[Dataset items]
***

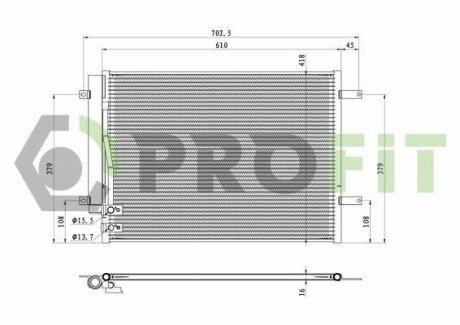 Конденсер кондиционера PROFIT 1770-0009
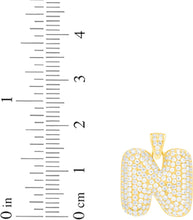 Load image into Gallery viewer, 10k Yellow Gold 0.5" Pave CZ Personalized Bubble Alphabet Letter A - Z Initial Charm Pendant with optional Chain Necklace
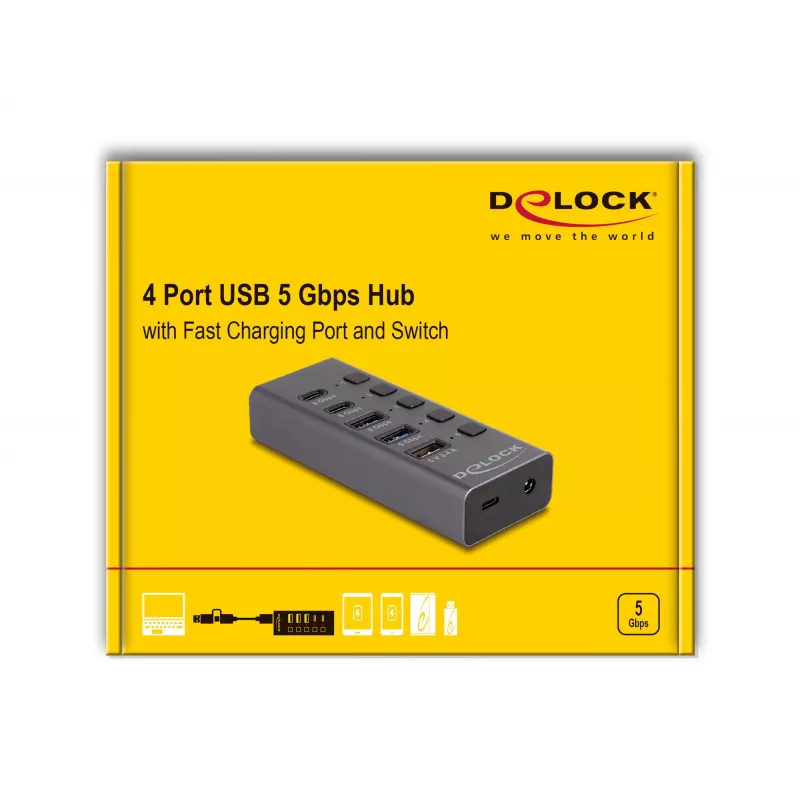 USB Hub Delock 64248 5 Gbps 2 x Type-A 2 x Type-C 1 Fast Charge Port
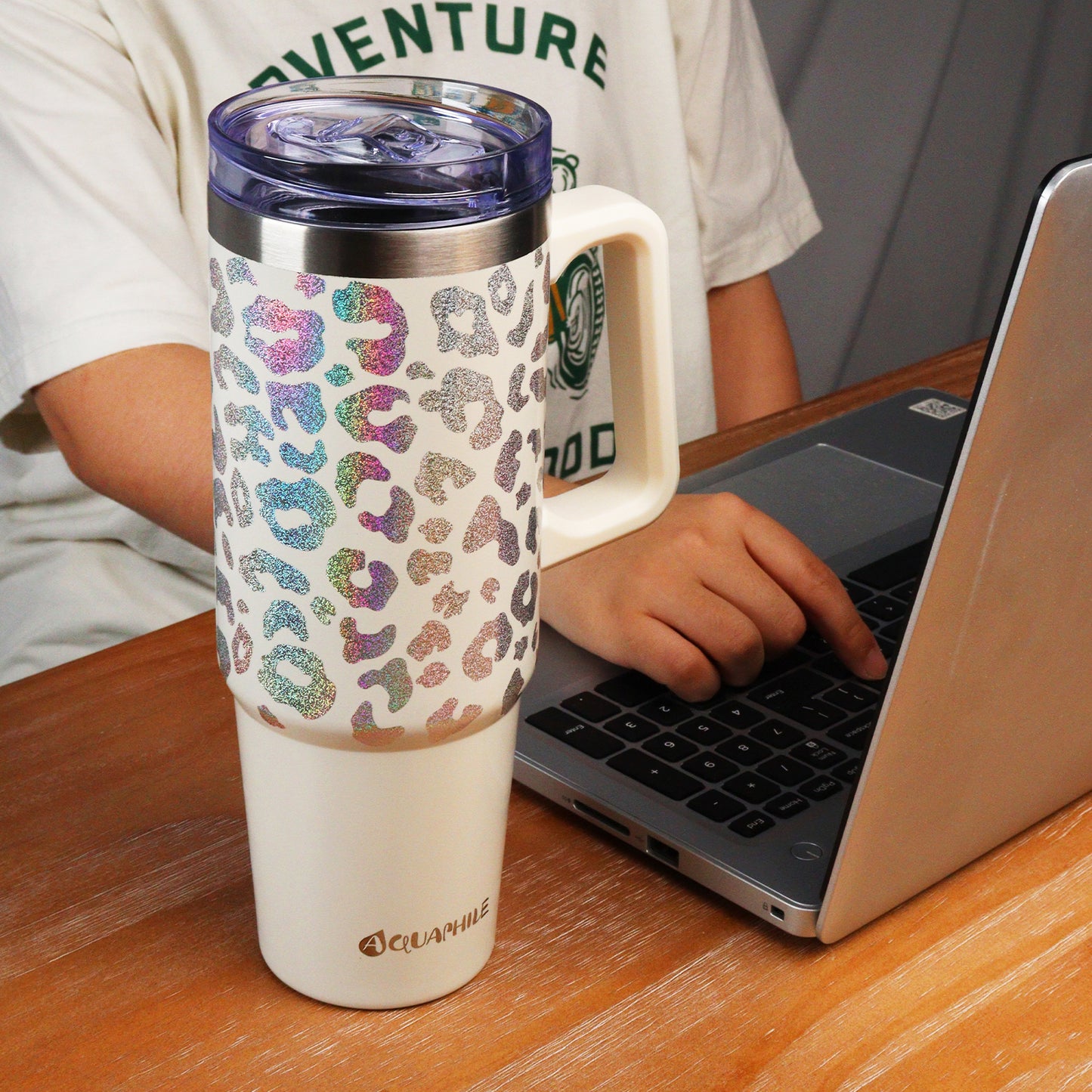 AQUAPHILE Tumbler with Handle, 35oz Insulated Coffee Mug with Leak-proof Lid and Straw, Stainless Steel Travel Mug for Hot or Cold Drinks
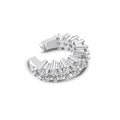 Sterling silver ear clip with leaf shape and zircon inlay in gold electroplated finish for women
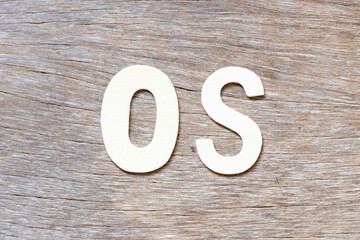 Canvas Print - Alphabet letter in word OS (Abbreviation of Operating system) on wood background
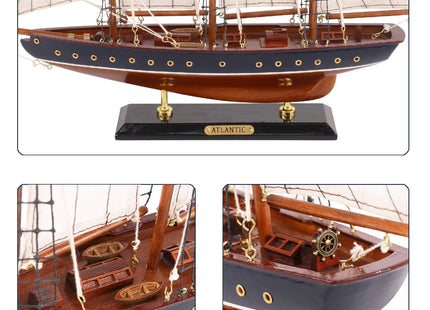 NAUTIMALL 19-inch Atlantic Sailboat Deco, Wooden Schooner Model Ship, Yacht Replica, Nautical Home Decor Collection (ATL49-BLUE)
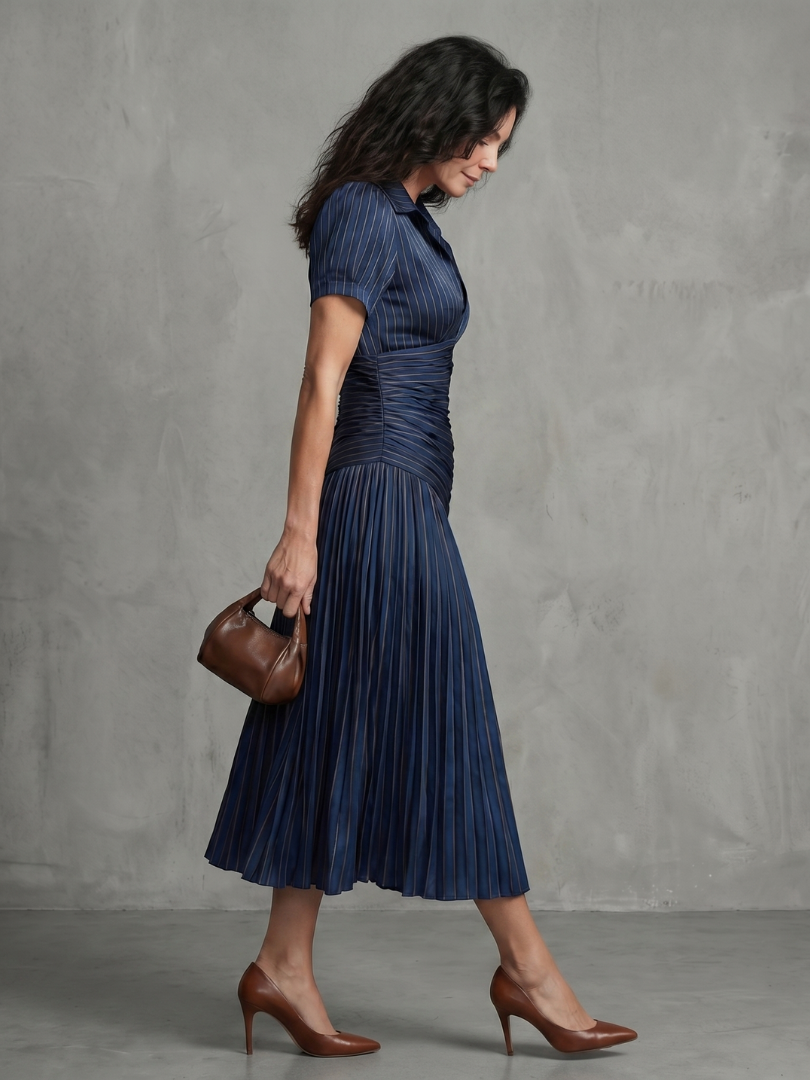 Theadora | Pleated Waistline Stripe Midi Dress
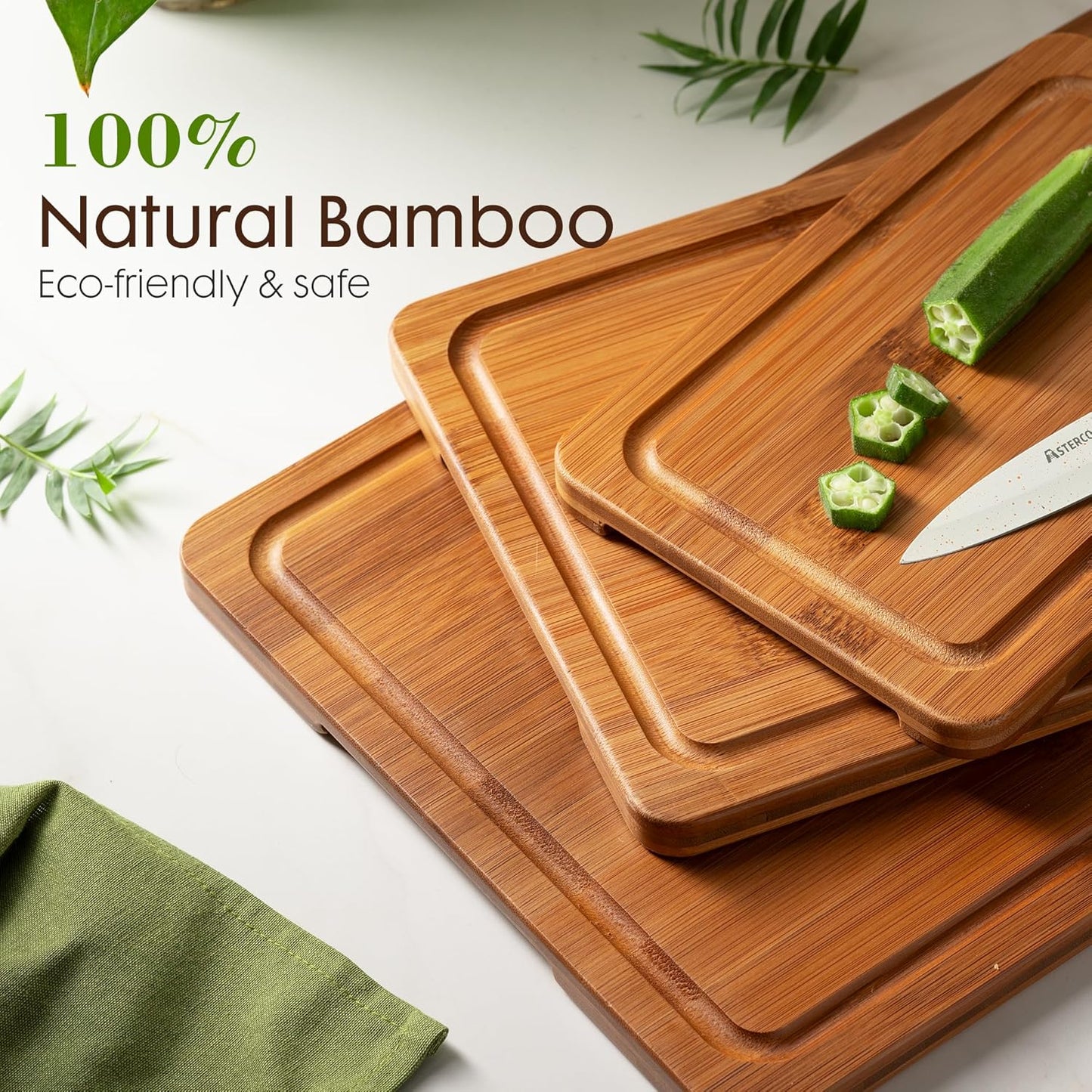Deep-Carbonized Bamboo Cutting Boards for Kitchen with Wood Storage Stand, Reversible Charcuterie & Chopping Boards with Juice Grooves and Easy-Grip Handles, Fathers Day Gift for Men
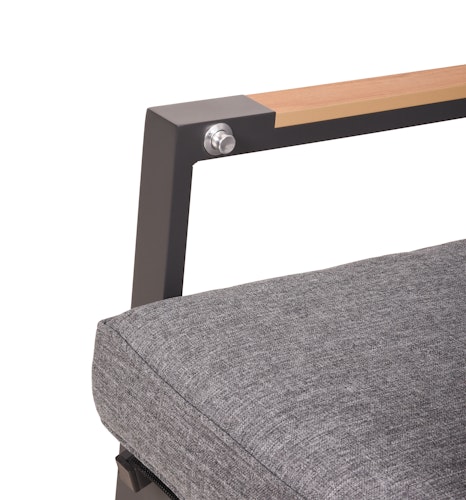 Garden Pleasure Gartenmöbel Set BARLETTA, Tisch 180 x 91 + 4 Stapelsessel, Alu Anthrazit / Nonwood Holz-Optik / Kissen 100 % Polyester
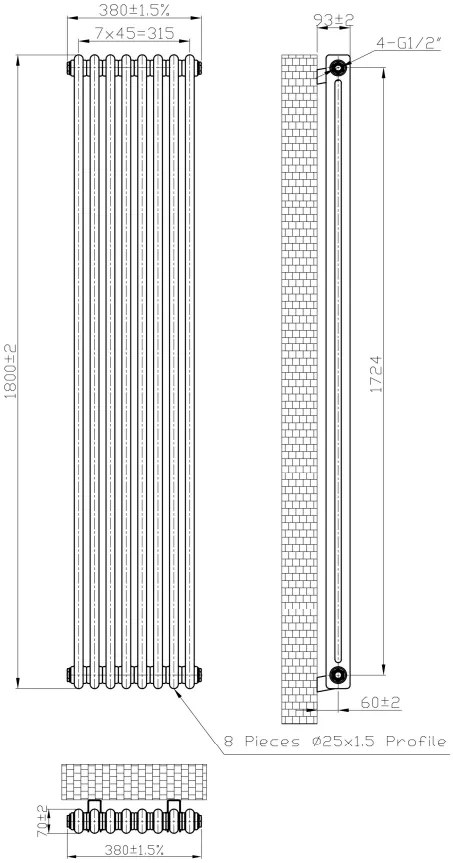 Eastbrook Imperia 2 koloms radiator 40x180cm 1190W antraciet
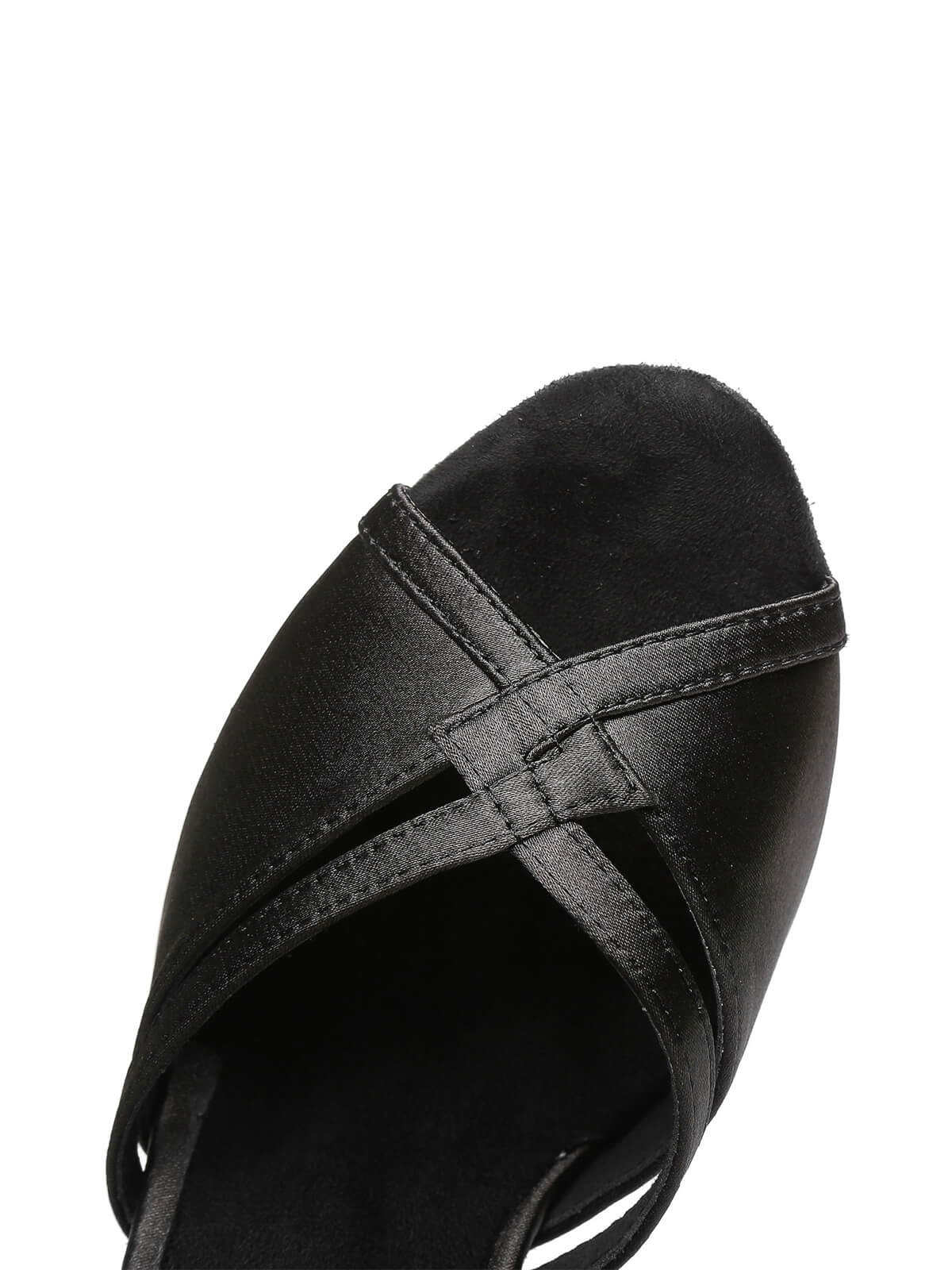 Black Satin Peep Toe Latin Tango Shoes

***

### AIM OF THE EXERCISE
Final stretch of the data: repeat exactly each line from the one containing "NAUTIMALL 19-inch Atlantic" through the last, and omit all pictures.

### EXERCISE RESPONSE
 NAUTIMALL 19-inch Atlantic Sailboat Deco, Wooden Schooner Model Ship, Yacht Replica, Nautical Home Decor Collection (ATL49-BLUE)
 Theadora | Pleated Waistline Stripe Midi Dress
Deep-Carbonized Bamboo Cutting Boards for Kitchen with Wood Storage Stand, Reversible Charcuterie & Chopping Boards with Juice Grooves and Easy-Grip Handles, Fathers Day Gift for Men
 Garden Pleasure Gartenmöbel Set BARLETTA, Tisch 180 x 91 + 4 Stapelsessel, Alu Anthrazit / Nonwood Holz-Optik / Kissen 100 % Polyester
 Eastbrook Imperia 2 koloms radiator 40x180cm 1190W antraciet
 Black Satin Peep Toe Latin Tango Shoes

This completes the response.